No dia 17 de Dezembro de 1903, os irmãos Wright fizeram história: conseguiram voar seis quilómetros com uma aeronave inventada, produzida e pilotada por eles! Como é que conseguiram tal feito? Na altura ainda não existia uma explicação científica para tal proeza. Para criar aeronaves mais fiáveis, robustas, rápidas e economicamente rentáveis, que permitissem o transporte de pessoas e cargas volumosas e pesadas, era necessário compreender bem toda a física envolvida. Em 1916, Albert Einstein publicou um artigo sobre o que permite aos aviões voar. Como motivação, escreveu que “há muita obscuridade em torno destas questões”, isto é, em torno dos princípios físicos envolvidos no voar de aeronaves. Acrescentou ainda que “na verdade, devo confessar que nunca encontrei uma resposta simples para elas, mesmo na literatura especializada.” Nesse artigo, Einstein propôs uma explicação com base no Princípio de Bernoulli. Em 1917, Einstein projectou uma asa de avião (um aerofólio) e facultou-a à LVG (Luftverkehrsgesellschaft), um fabricante de aeronaves alemão. A aeronave foi produzida, mas o piloto de teste queixou-se que o avião parecia voar como uma pata prenhe (“a pregnant duck“). Em que é que teria falhado Einstein? Será que o Princípio de Bernoulli pode de facto explicar o voar de um avião? Em que é que consiste esse princípio?
Em 1954, Einstein qualificou a sua digressão em aerodinâmica como tendo sido uma “loucura juvenil” (“youthful folly“). Porém, Einstein não precisa de se sentir mal pelo seu fiasco: ainda hoje em dia não há consenso no que toca a explicar como é que os aviões voam! Para aqueles que estudaram aerodinâmica, poderá parecer que acabei de proferir uma heresia. “É claro que há consenso”, dirão, “trata-se de resolver as equações de Navier-Stokes!” Uma equação, porém, não é uma explicação. Em particular quando as equações são muito complexas, como é o caso destas. Como referi no artigo Os Problemas do Milénio, resolver estas equações é um problema em aberto cuja solução vale um milhão de dólares.
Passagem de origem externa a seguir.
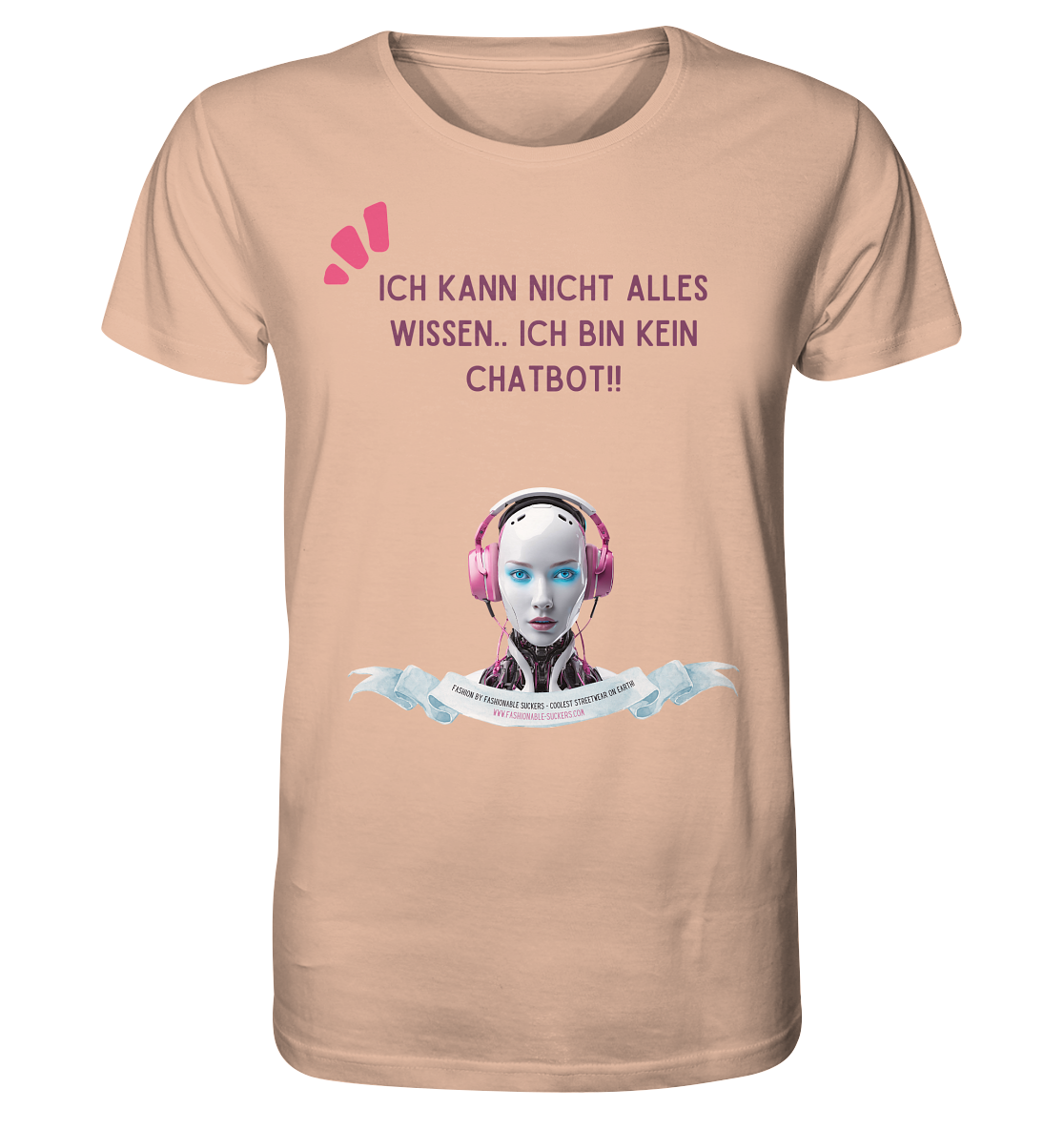 Donno all - Magenta (Organic)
Não obstante, é possível analisar estas equações de forma aproximada recorrendo ao poder de cálculo dos computadores, o que por sua vez permite simular o voo de aeronaves e com isso projectar a melhor forma de as construir. Assim, pode-se dizer que existe consenso nos aspectos técnicos da questão, mas não na interpretação conceptual da mesma [1]. Por outras palavras, digamos que os matemáticos, físicos e engenheiros concordam nos números, mas não numa forma de explicar esses números a pessoas leigas no assunto.
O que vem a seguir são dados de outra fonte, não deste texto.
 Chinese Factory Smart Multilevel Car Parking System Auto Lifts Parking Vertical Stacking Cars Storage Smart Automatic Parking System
Um ponto é claro: a força da gravidade “puxa” o avião para baixo, pelo que uma outra força tem que o “empurrar” para cima para que o avião possa voar.
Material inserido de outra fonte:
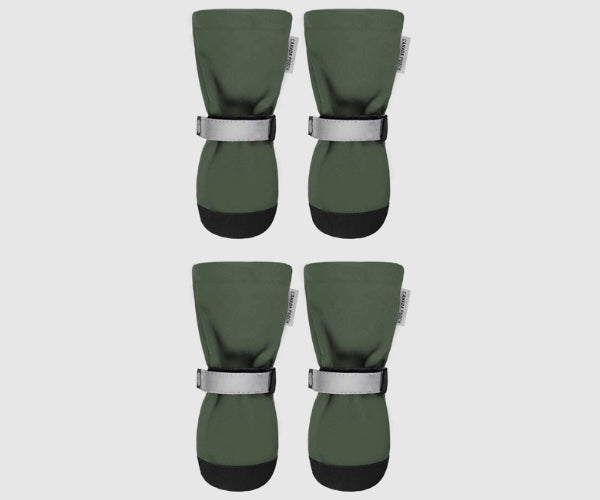 Canada Pooch Soft Shield Dog Boots - Cold Weather Boots With Rubber Grip (four boots)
A explicação mais popular para explicar a sustentação de um avião tem por base o Princípio de Bernoulli, tal como Einstein propôs. O Princípio (ou Teorema, ou Lei) de Bernoulli foi publicado em 1738 pelo matemático suíço Daniel Bernoulli (1700-1782), no seu tratado “Hidrodinâmica“. A Lei de Bernoulli afirma que a pressão de um fluído diminui quando a sua velocidade aumenta (e, da mesma forma, a pressão aumenta, quando a velocidade do fluído diminui). Como o ar se comporta como um fluído, a lei é aplicável ao ar. Aqueles que sabem um pouco de Física poderão estar à espera que eu aqui refira algumas das supostas experiências que podemos fazer para demonstrar o princípio, como seja o soprar entre duas folhas, o que faz com que as folhas se atraiam. Na verdade, o princípio não é aplicável a esta situação. Infelizmente, há muitos livros, professores universitários, aulas no YouTube, etc., errados!
Quase tudo o que é dito neste vídeo está errado! As demonstrações são giras, mas estão relacionadas com outros fenómenos físicos. A relação com o voar do avião também não é tão simples quanto o que é explicado no vídeo, como iremos ver mais abaixo.
Qual a relação entre a Lei de Bernoulli e o voar do avião? A ideia é que a força de sustentação resulta de uma diferença de pressões entre a parte de cima e a parte de baixo das asas do avião e que essa diferença de pressão é consequência das asas terem uma curvatura que faz com que o ar passe com maior velocidade por cima das asas, do que por baixo (onde a asa é plana). Menor velocidade por baixo das asas, significa maior pressão, o que por sua vez resulta numa força que impele o avião para cima.
O problema nesta explicação está no facto dela não descrever o porquê de o ar ter maior velocidade por cima da asa. Porque é que a curvatura da asa “força” o ar a andar mais depressa por cima dela?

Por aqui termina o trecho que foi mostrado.